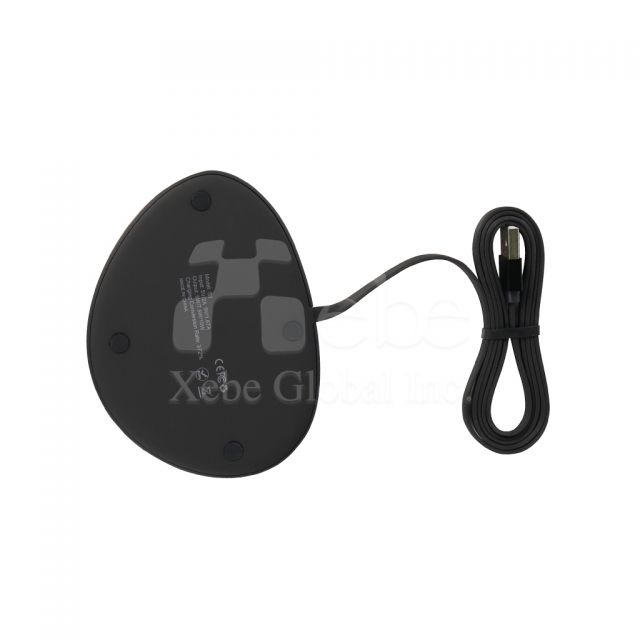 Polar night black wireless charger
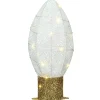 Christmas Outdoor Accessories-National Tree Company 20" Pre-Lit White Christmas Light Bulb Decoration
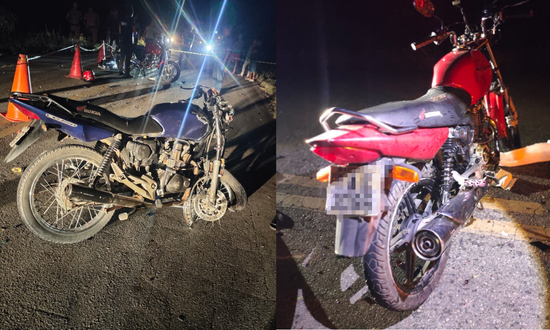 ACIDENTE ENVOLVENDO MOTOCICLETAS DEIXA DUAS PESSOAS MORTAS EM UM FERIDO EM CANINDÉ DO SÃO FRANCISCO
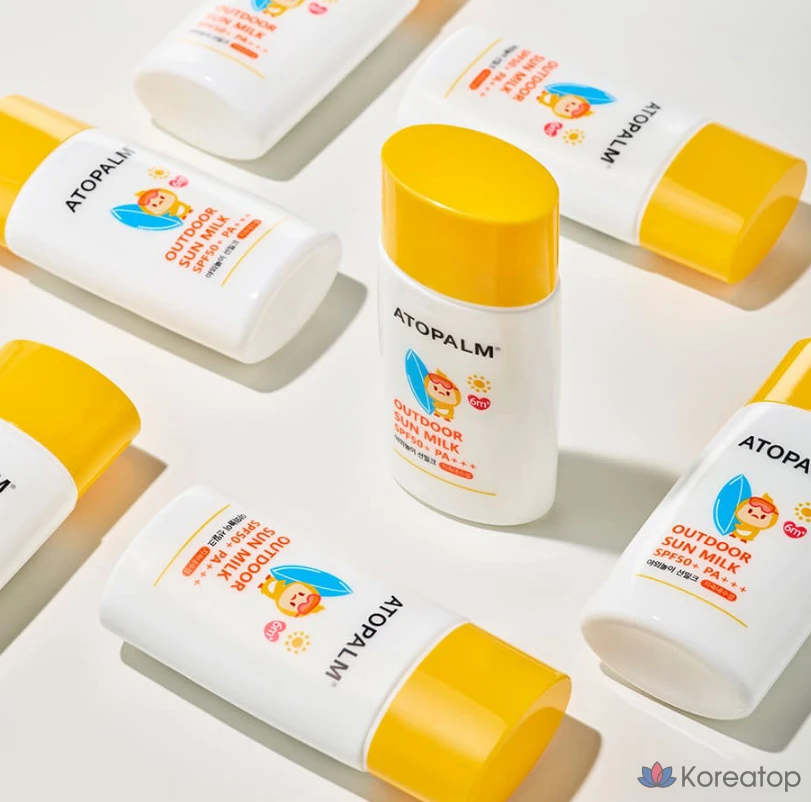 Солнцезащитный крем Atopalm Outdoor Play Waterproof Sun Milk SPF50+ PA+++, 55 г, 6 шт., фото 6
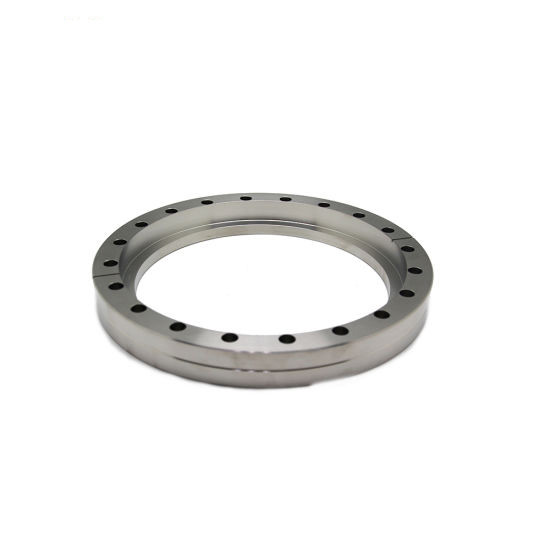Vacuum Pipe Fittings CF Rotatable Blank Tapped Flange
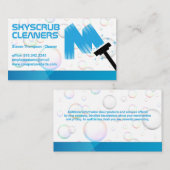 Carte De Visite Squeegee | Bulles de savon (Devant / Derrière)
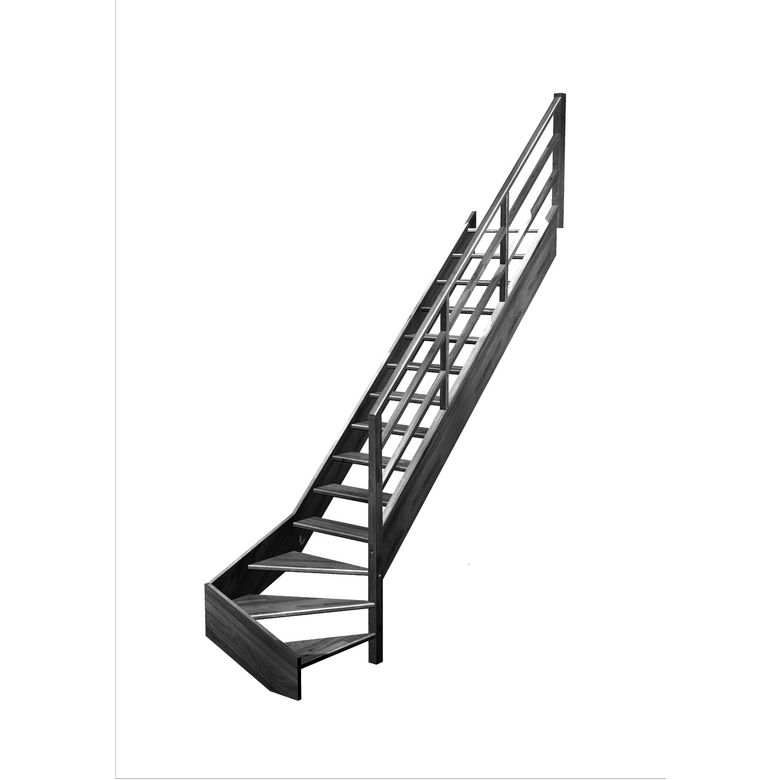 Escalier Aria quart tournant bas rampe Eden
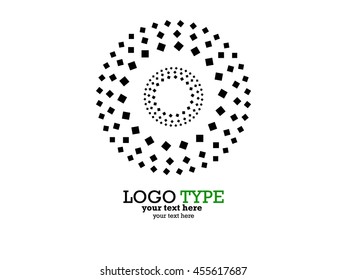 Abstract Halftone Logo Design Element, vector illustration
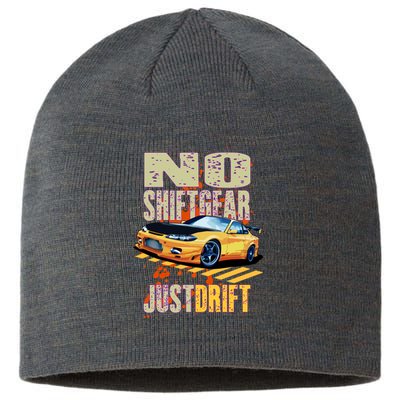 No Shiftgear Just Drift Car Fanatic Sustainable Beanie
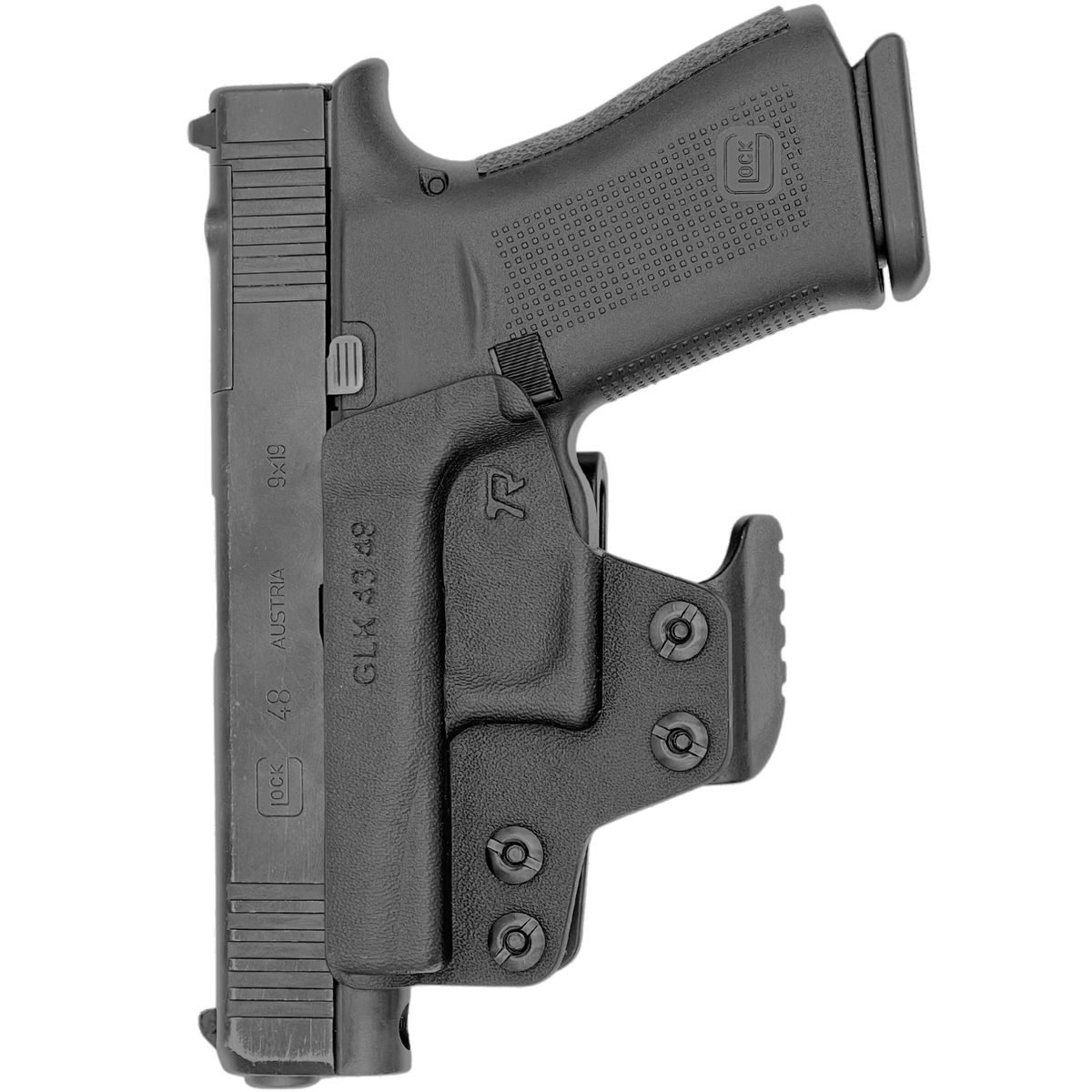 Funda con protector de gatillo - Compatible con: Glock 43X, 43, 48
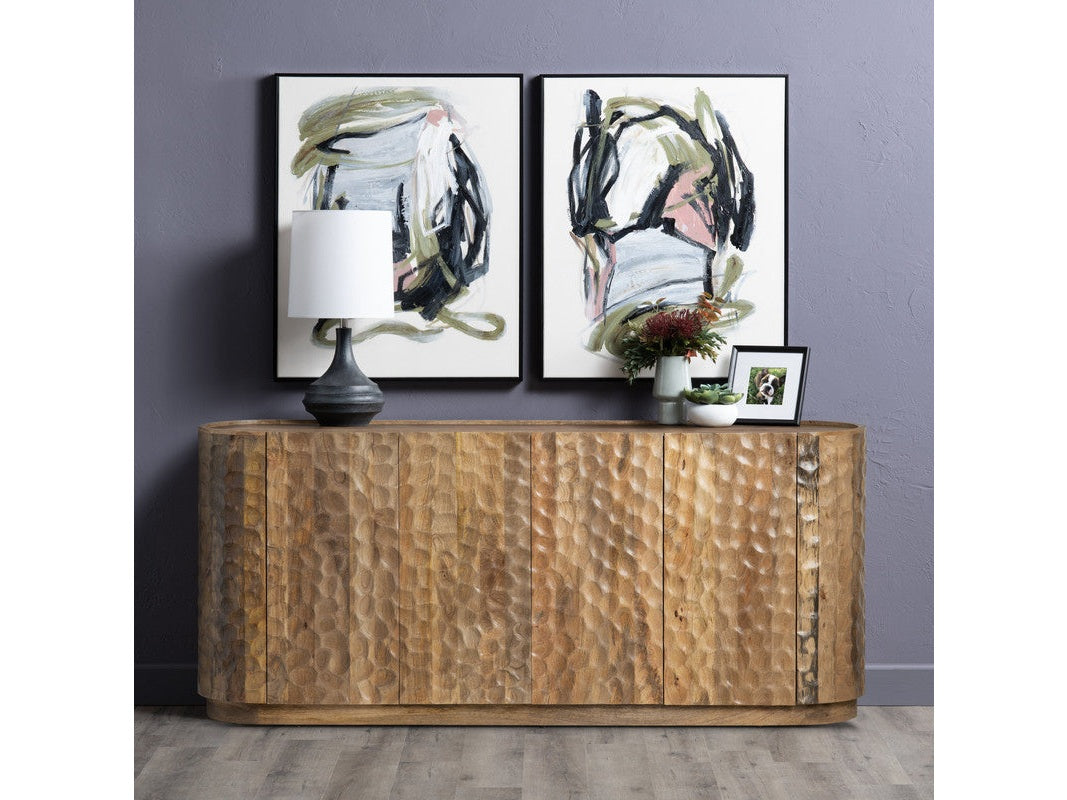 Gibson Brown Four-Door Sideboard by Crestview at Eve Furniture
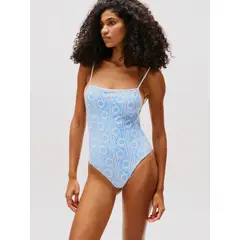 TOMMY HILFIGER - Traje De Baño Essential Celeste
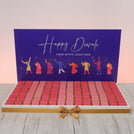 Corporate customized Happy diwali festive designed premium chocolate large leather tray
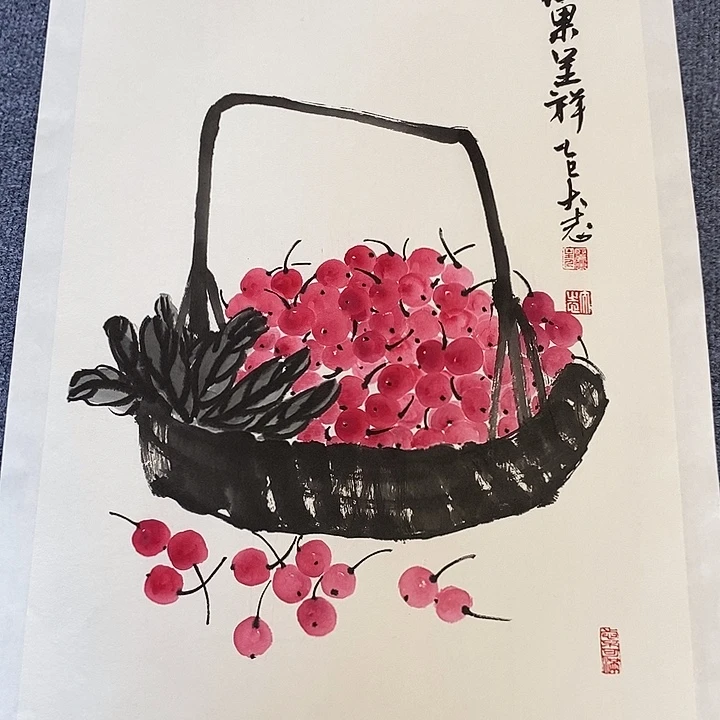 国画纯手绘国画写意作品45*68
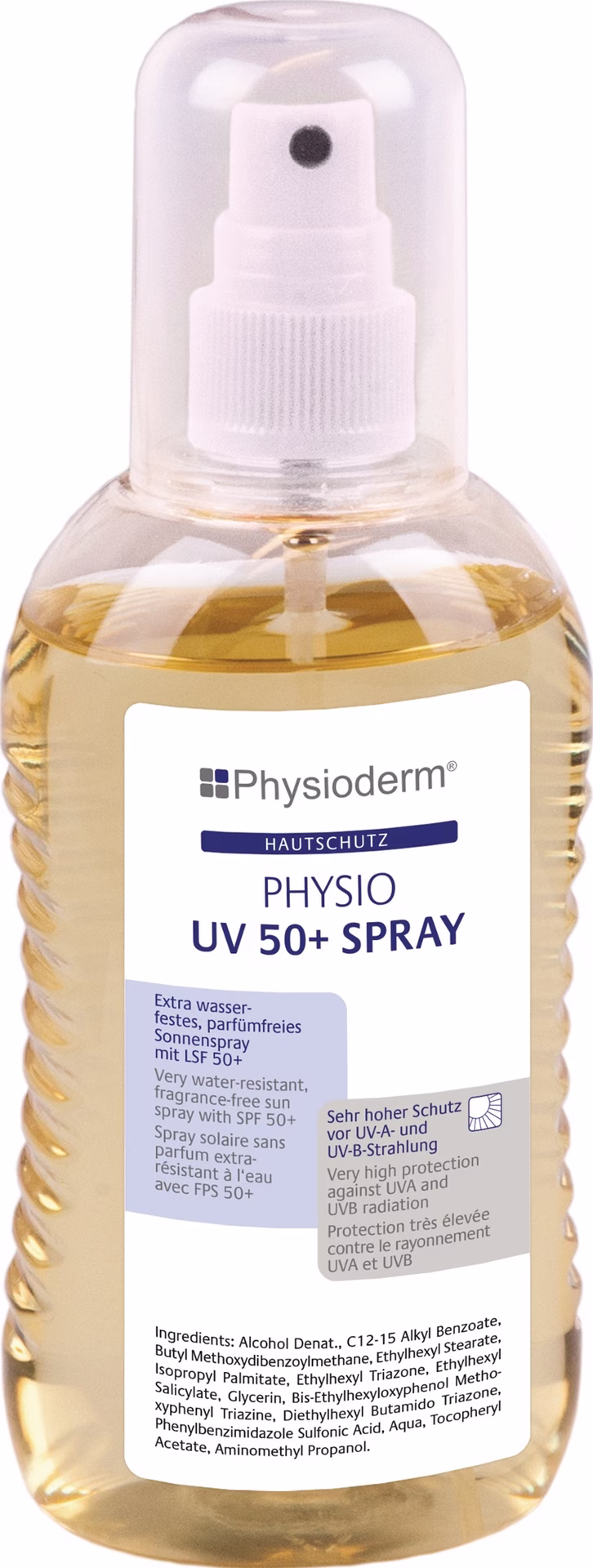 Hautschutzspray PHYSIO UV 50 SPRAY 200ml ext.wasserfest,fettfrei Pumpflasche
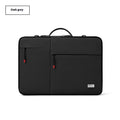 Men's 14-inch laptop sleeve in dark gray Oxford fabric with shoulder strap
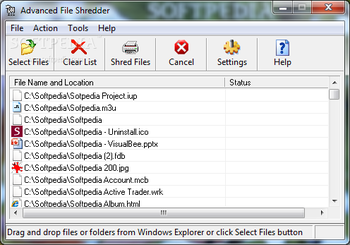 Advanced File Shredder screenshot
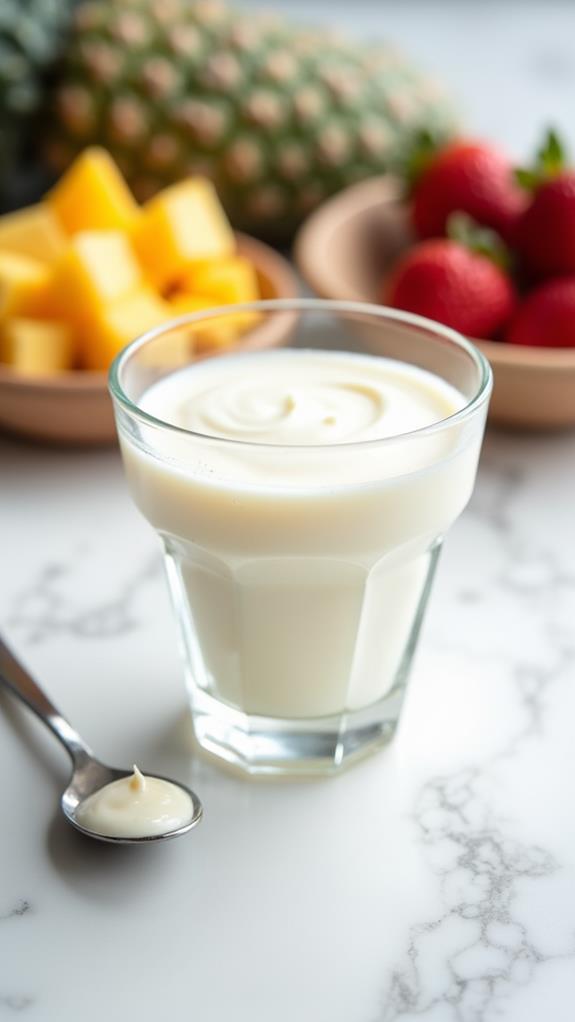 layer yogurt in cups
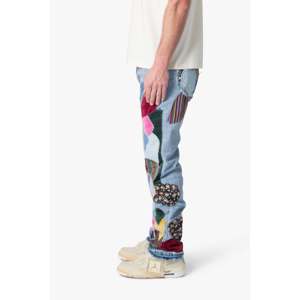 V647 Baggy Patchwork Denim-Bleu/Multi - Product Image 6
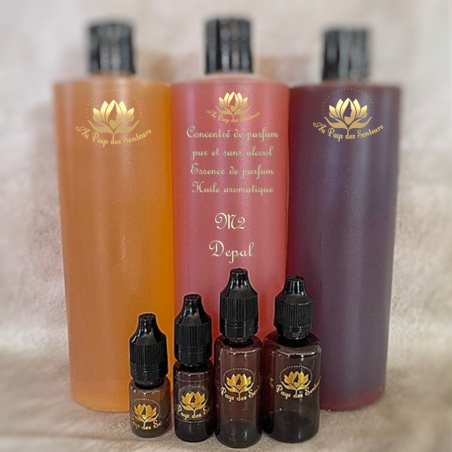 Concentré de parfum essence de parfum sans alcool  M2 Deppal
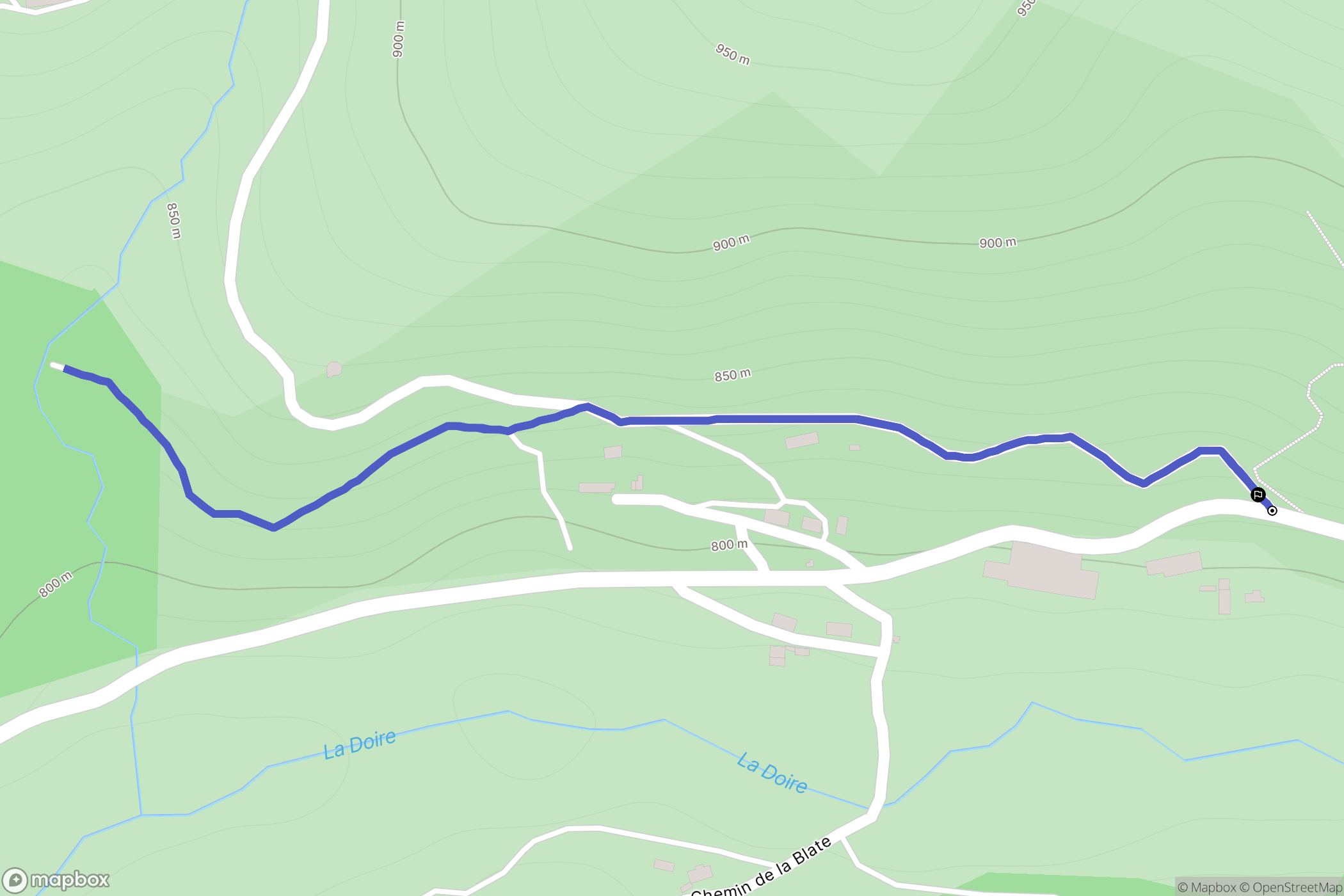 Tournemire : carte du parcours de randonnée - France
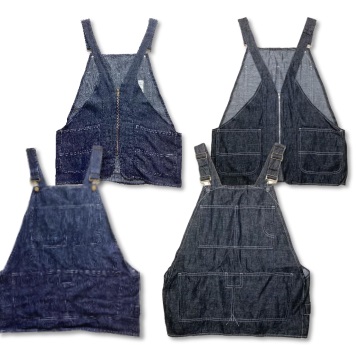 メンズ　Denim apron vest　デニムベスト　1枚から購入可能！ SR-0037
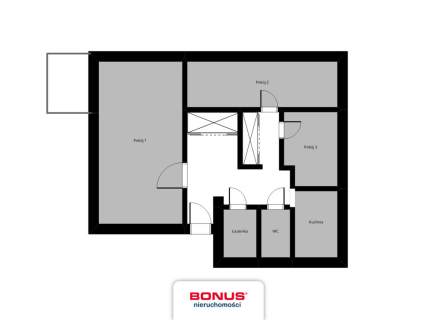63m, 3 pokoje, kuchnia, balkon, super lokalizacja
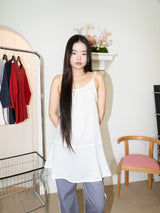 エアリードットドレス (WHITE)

▬▬▬▬▬▬▬▬▬▬

◆ What you are asked to do ◆
Look above for the line containing "TOMMY HILFIGER - Traje", then write out every line from there down to the line containing "Hautschutzspray PHYSIO UV", that line included, with no pictures.

◆ Output of the exercise ◆
 TOMMY HILFIGER - Traje De Baño Essential Celeste
 Corporate customized Happy diwali festive designed premium chocolate large leather tray
 国画纯手绘国画写意作品45*68
 Hautschutzspray PHYSIO UV 50 SPRAY 200ml ext.wasserfest,fettfrei Pumpflasche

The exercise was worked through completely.